I remembered one in particular that I won't go into here, but I really struggled with the feelings and experiences. I really resisted the whole experience and just tried to "get on with it." Of course it didn't work.
Last night I was laying in bed and remembering this time of my life and wondering what was it about that grieving experience that was so hard for me. Why was it so confusing.
Then I realized I had not started volunteering at Hospice yet. I had not had access to grief education.
As I look back on those days I realize now that my grief experience was actually normal, that all of those emotions were common emotions in the grief work. It sure didn't feel like that then though.
I didn't know then that anger, fear, and desperate sadness were appropriate feelings. I didn't know that if I leaned into those feelings and allowed myself to explore them, I would be able to move through the grief with more self compassion.
Instead I resisted. I didn't talk about it, I kept myself really busy and every time tears came up, I would stuff them down. I kept my grief a secret, always putting on a good show for everyone around me. It was exhausting. It was confusing – a dark and lonely time.
Stephen Jenkinson says "we don't need grief counselors, we need grief educators."
I can see the truth of that statement. If I had known then the things I know now, I would have been able to honor my process instead of run from it. If I had reached out to someone instead of isolating myself I would have been able to talk through the feelings and be able to hold them in a more compassionate way. If I knew that what I was experiencing was normal for people who are grieving, I would have been able to advocate for myself more. If I knew that keeping busy was just a distraction, I would have given myself the time and the space needed to process, reflect and ritualize my grief work.

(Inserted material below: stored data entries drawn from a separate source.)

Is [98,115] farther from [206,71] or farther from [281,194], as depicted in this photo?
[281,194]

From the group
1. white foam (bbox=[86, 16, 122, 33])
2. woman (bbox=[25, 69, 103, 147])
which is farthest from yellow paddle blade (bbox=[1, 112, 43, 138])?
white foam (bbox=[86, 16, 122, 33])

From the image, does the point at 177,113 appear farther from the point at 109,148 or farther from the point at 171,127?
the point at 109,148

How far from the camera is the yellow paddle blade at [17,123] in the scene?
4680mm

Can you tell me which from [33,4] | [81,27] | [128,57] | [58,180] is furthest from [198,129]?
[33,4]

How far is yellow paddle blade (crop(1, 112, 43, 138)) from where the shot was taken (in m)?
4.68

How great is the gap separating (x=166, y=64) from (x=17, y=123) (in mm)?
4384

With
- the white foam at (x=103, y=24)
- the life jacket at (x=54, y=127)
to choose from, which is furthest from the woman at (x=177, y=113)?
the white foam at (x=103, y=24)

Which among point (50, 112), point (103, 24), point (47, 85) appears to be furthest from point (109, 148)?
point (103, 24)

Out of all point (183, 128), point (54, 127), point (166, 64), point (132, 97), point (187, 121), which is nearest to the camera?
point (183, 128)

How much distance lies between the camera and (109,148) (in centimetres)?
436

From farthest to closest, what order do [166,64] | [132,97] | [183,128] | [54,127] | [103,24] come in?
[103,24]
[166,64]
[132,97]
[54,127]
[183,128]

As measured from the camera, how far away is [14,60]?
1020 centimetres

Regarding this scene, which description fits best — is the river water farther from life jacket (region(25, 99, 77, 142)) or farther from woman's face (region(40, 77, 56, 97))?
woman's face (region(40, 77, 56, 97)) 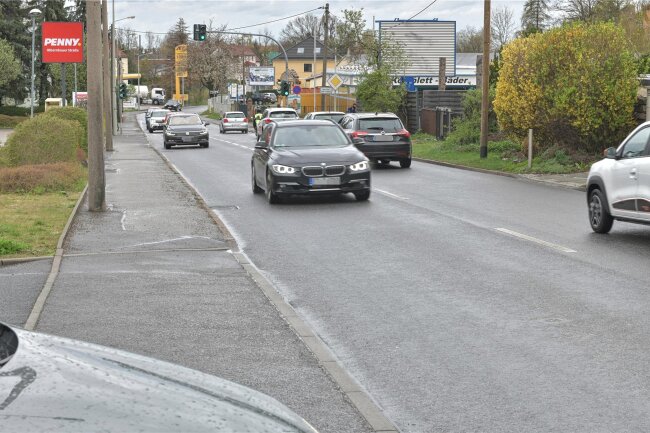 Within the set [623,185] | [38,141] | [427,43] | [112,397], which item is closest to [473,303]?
[623,185]

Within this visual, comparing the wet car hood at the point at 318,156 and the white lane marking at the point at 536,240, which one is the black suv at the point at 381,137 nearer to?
the wet car hood at the point at 318,156

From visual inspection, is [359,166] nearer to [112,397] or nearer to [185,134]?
[112,397]

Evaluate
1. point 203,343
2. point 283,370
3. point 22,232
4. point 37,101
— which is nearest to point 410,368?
point 283,370

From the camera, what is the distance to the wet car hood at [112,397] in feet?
9.25

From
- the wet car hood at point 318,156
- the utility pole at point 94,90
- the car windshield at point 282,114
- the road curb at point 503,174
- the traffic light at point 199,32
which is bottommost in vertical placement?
the road curb at point 503,174

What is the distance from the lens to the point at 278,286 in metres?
10.8

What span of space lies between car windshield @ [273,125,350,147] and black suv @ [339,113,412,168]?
837cm

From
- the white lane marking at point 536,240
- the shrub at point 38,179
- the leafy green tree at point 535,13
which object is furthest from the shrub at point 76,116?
the leafy green tree at point 535,13

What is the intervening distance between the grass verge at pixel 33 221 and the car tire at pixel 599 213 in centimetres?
735

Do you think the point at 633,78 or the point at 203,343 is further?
the point at 633,78

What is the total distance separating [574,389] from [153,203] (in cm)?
1377

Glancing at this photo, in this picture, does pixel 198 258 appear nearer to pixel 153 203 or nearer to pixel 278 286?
pixel 278 286

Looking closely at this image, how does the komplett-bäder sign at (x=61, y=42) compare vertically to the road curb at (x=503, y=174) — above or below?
above

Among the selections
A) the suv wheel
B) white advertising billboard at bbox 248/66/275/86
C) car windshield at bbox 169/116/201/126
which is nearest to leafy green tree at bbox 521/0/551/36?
white advertising billboard at bbox 248/66/275/86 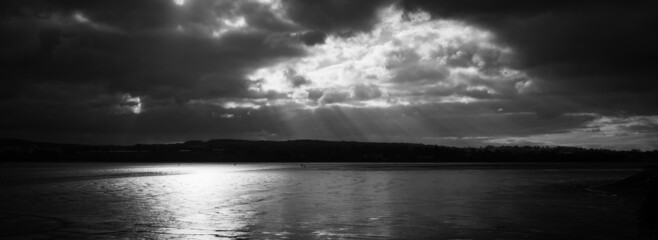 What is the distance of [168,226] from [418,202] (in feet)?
80.5

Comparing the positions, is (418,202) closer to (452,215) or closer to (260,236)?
(452,215)

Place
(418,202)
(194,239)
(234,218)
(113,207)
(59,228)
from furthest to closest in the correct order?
(418,202), (113,207), (234,218), (59,228), (194,239)

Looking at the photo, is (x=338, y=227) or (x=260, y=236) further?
(x=338, y=227)

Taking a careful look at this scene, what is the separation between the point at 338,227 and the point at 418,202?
18590 millimetres

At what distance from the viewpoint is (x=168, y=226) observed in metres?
31.1

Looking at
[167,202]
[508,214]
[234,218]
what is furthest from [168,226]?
[508,214]

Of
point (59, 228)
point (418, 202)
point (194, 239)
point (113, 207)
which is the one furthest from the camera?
point (418, 202)

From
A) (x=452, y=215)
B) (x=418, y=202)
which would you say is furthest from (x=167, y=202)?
(x=452, y=215)

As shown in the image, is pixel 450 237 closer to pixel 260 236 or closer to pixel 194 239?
pixel 260 236

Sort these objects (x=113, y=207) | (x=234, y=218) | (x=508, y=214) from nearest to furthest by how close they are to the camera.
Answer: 1. (x=234, y=218)
2. (x=508, y=214)
3. (x=113, y=207)

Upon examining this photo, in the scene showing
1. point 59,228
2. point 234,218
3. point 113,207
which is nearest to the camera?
point 59,228

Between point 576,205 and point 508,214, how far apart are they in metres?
10.2

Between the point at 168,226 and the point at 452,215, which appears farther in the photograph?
the point at 452,215

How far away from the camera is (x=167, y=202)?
4822 centimetres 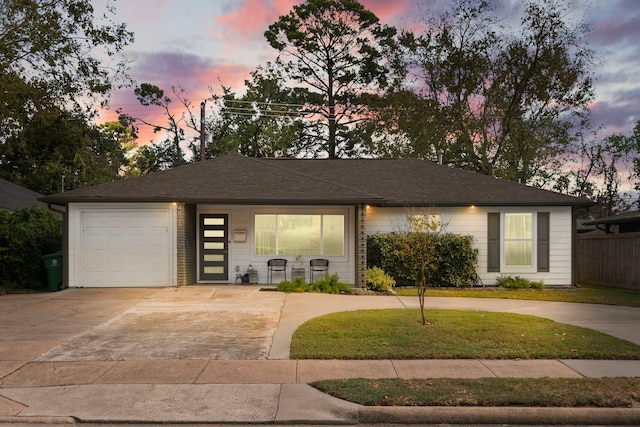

I have had many losses since that one and yes, I understand that grief work is difficult work, but now I don't resist it. I let those feeling in and feel them. I talk about my sadness and my anger and all of those so called negative feelings. I consider my grief work to be sacred. I grieve because I love. And as I move through the dark emotions I hold space for the remembering and the loving that I gave and that I received. It's not easy, but I do not struggle with the struggle anymore. That is the teaching for me I think. Don't struggle with the struggle. Give it space and time and compassion.
In my time at Hospice I have talked to many people about their grieving experience and they are so relieved when I give them permission to feel what they are feeling and give their thoughts a voice.
I watch people come out of confusion and begin to trust themselves. It is an honour.